Il lavoro analizza i risultati di due indagini svolte dalla Banca d’Italia nel 2003 sugli assetti proprietari, sul controllo e sui trasferimenti delle imprese industriali italiane non quotate, ricalcando analoghe ricerche compiute nel 1993. Le due indagini, denominate Invind ed Esetra, sono state condotte rispettivamente su circa 1.900 e 500 imprese industriali.

Obiettivo della ricerca è quello di valutare il grado e la direzione dell’evoluzione dei modelli di controllo delle imprese nel nostro Paese alla luce dei profondi cambiamenti istituzionali intervenuti nel corso del decennio considerato e dell’aggravarsi della crisi di competitività della nostra industria nello stesso periodo.

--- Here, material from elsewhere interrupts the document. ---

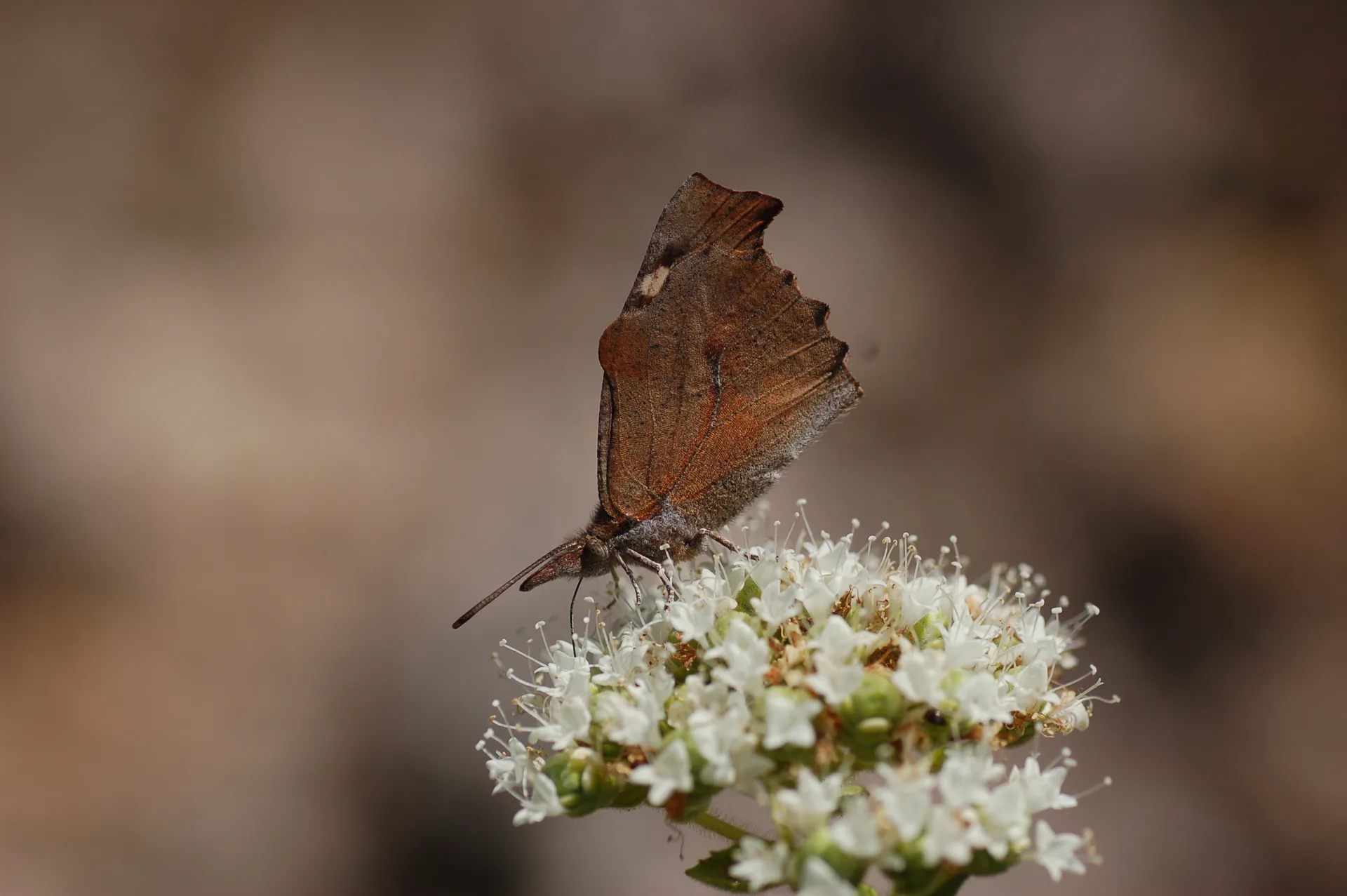 Libythea celtis (Ã‡itlembikkelebeÄŸi) butterfly photo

I dati raccolti attraverso le indagini forniscono informazioni su vari profili della struttura proprietaria delle imprese e, in particolare, sulla sua distribuzione. La proprietà diretta delle imprese considerate risulta essere molto concentrata. Ciò emerge da vari indicatori. Nel 2003 la dimensione media della quota di proprietà detenuta dal primo azionista è pari al 64,7 per cento del capitale nelle imprese del campione Invind e al 52 per cento nelle imprese del campione Esetra. Nelle imprese di entrambi i campioni considerati l’azionista principale possiede in media una quota di capitale che gli consente di avere il controllo di diritto della società. Il grado di concentrazione della proprietà diretta è ulteriormente messo in risalto dai dati relativi al numero di soci, pari a 5,6, nelle imprese Invind, ma il numero mediano è ben inferiore (pari a 3 soci). In Esetra circa i due terzi delle imprese hanno un numero di soci compreso tra uno e quattro.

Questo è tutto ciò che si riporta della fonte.